Parti libéral du Canada

En juillet 2011, les ministres de l’Agriculture des gouvernements fédéral, provinciaux et territoriaux se sont rencontrées à St Andrews (Nouveau-Brunswick) pour poser les fondements de discussions continues sur le développement de Cultivons l’avenir 2. À l’époque, j’ai dit être inquiet de la quantité négligeable d’attention accordée à divers enjeux qui, selon moi, ne peuvent être ignorés et qui formeront le cadre de travail dont les agriculteurs canadiens et le reste du secteur agricole et agroalimentaire au Canada se serviront pour les cinq prochaines années. J’ai alors écrit, et je continue de croire, que les ministres fédéral, provinciaux et territoriaux doivent bien réfléchir aux questions suivantes : la gestion des risques de l’entreprise; la commercialisation de l’innovation; la transmission des exploitations agricoles et du capital agricole d’une génération d’agriculteurs à la suivante; un service ferroviaire adapté et fiable; le besoin absolu d’instaurer une politique alimentaire nationale.

UNE POLITIQUE ALIMENTAIRE NATIONALE

Tout au long de l’étude Cultivons l’avenir 2, les témoins ont parlé de l’importance d’avoir une politique alimentaire nationale – que l’on perçoive les aliments comme d’une marchandise ou comme une nécessité. Les thèmes évoqués par la plupart des témoins étaient la myriade de liens entre l’agriculture et l’agroalimentaire et d’autres facteurs qui relèvent du gouvernement fédéral : la santé, la viabilité du secteur agricole, le commerce international, la salubrité des aliments et, plus important et plus élémentaire encore : la sécurité alimentaire au Canada.

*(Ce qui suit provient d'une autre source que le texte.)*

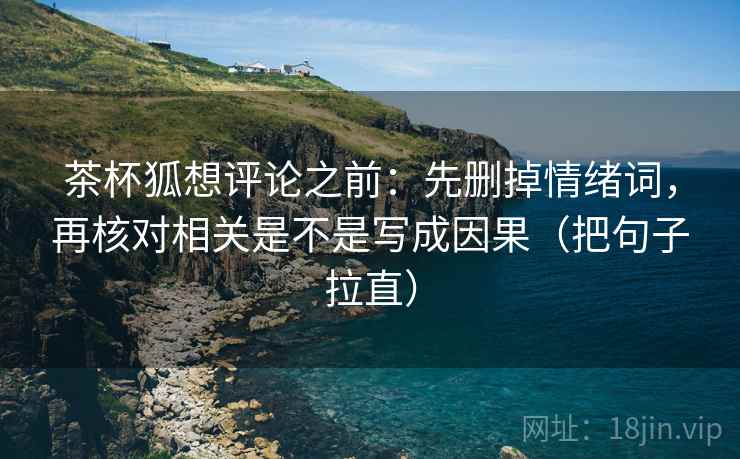 茶杯狐想评论之前:先删掉情绪词,再核对相关是不是写成因果(把句子拉直) 茶杯狐想评论之前:先删掉情绪词,再核对相关是不是写成因果(把句子拉直)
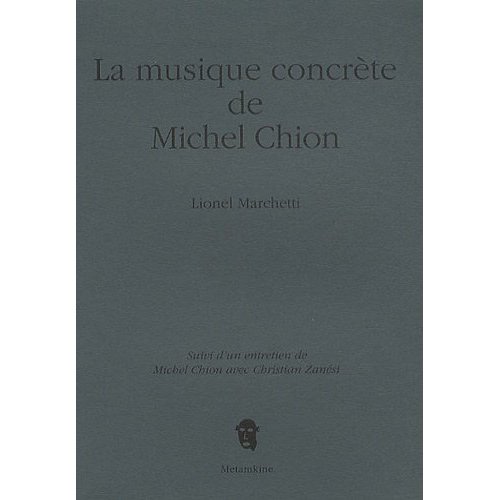LA MUSIQUE CONCRETE DE MICHEL CHION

Il m’arrive de penser que nous tenons les aliments pour acquis; ils apparaissent dans nos assiettes et nous ne mesurons pas les conséquences économiques et intellectuelles de l’agriculture pour la scène canadienne. C’est pourquoi…un débat public sur la politique alimentaire permettrait de rappeler à certains organismes de financement l’importance cruciale de la recherche agricole dans son ensemble[1].

Or, le comité a omis de formuler une recommandation sur le besoin d’instaurer une politique alimentaire nationale. Des pays développés comme l’Écosse, le pays de Galles, la Nouvelle-Zélande et le Brésil ont déjà une politique alimentaire nationale. Les témoins ont soutenu qu’une des raisons qui explique l’absence d’une vision nationale pour l’agriculture et l’agroalimentaire au Canada est le gouffre qui existe entre les agriculteurs, les transformateurs, les chercheurs, les distributeurs et les consommateurs, tout au long de la chaîne d’approvisionnement alimentaire. Comprendre le besoin d’avoir une stratégie alimentaire nationale et arriver à ce que tous les intervenants y participent sont deux choses complètement différentes.

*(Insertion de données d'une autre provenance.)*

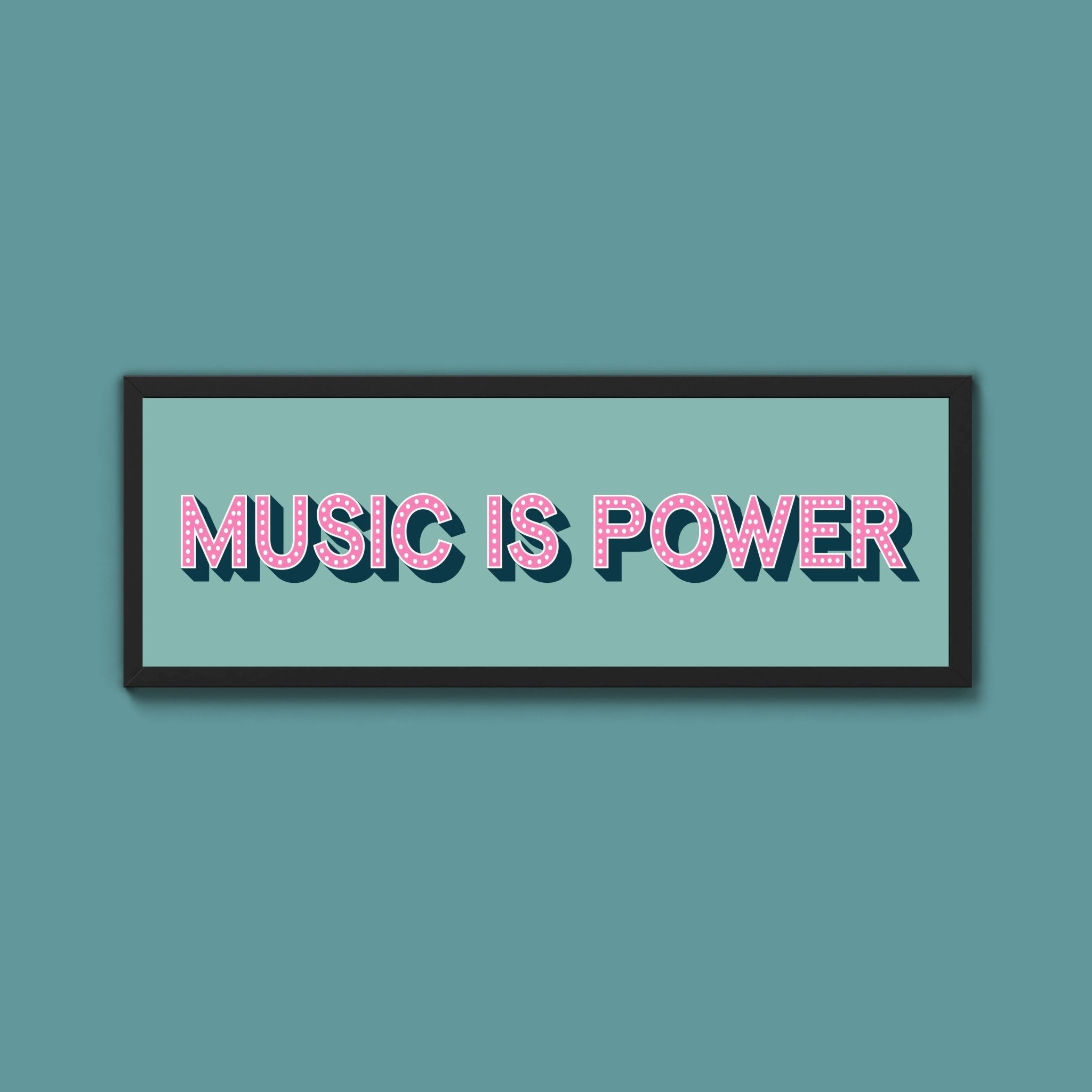 Music Is Power Framed Print (New Style) - Above The Door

Une politique alimentaire nationale permettrait à divers intervenants, notamment les agriculteurs et les consommateurs, le gouvernement, les groupes autochtones et d’autres militants communautaires de se réunir pour prendre des mesures exhaustives qui garantiraient entre autres l’éducation en matière de nutrition, un accès abordable à des aliments sains et une stratégie pour la souveraineté alimentaire et la salubrité des aliments, autant d’aspects garants de la sécurité alimentaire au Canada.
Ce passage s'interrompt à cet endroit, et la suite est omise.